-------- DATA FOR THE TASK --------

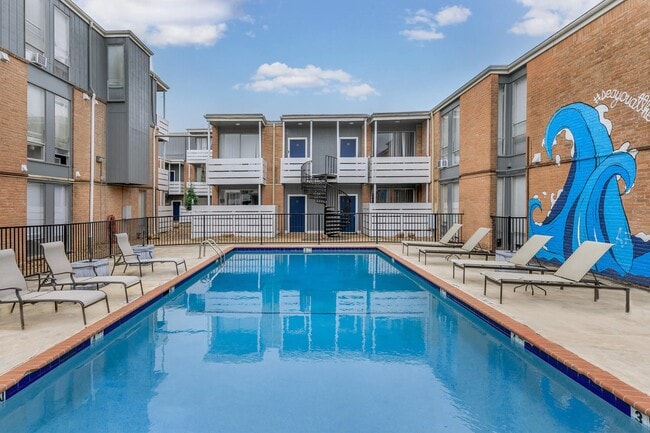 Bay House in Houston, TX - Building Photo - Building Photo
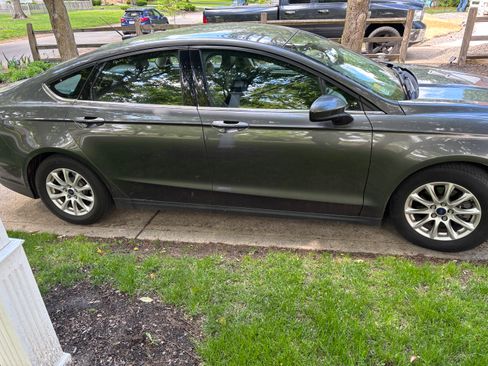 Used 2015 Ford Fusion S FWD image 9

--------
-------- DATA FOR THE TASK --------

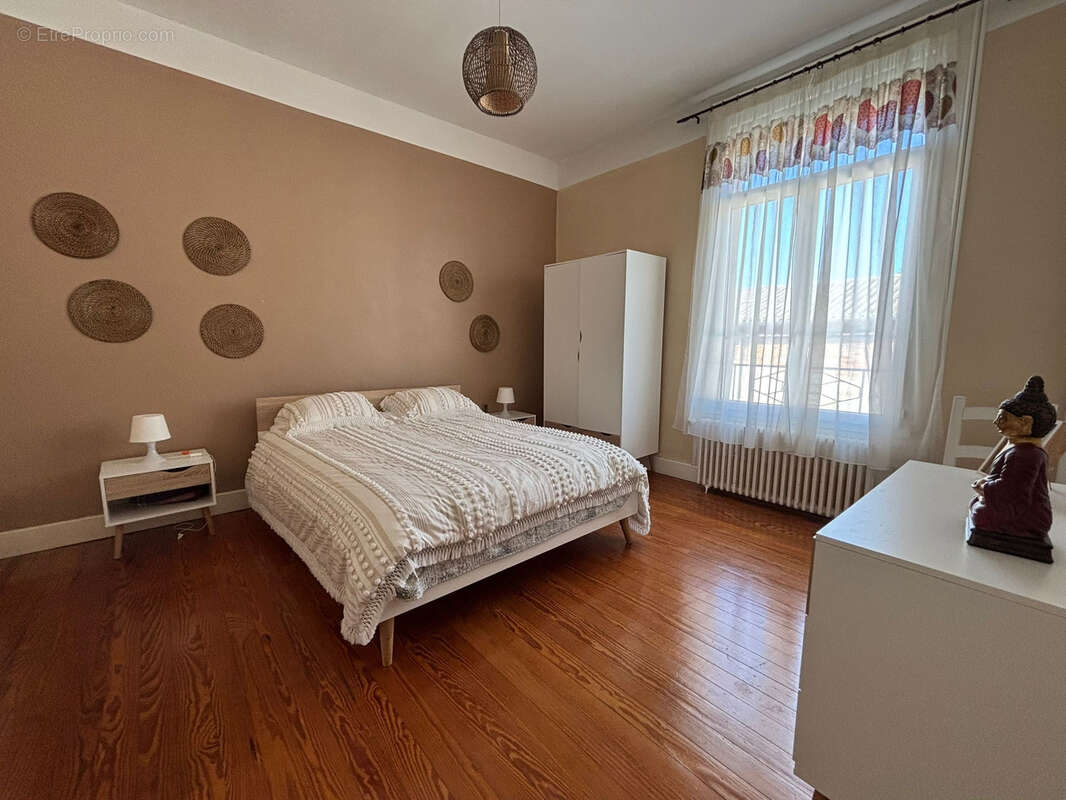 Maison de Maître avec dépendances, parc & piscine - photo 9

--------
-------- DATA FOR THE TASK --------

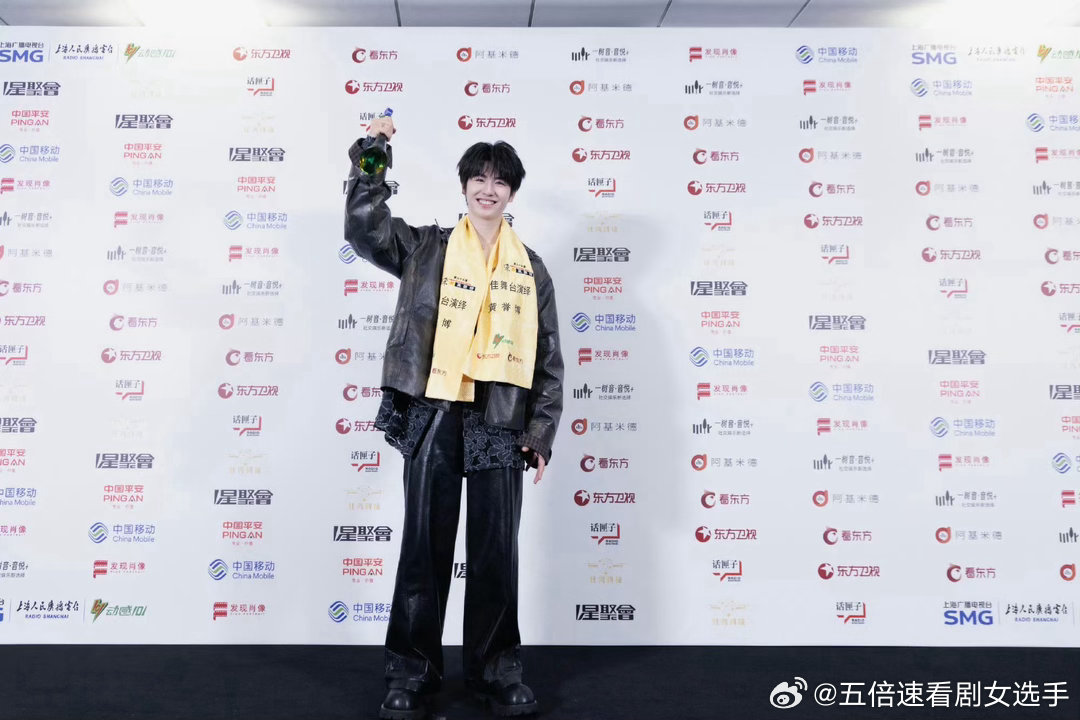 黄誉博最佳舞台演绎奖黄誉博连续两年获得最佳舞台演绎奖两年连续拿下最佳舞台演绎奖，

--------

● TASK TO CARRY OUT: In the listing above, find the line with "Bay House in" and the line with "Used 2015 Ford Fusion S FWD image 9". Copy exactly those lines and all between them, minus the images.

● RESULT OF THIS EXERCISE:
 Bay House in Houston, TX - Building Photo - Building Photo
 Used 2015 Ford Fusion S FWD image 9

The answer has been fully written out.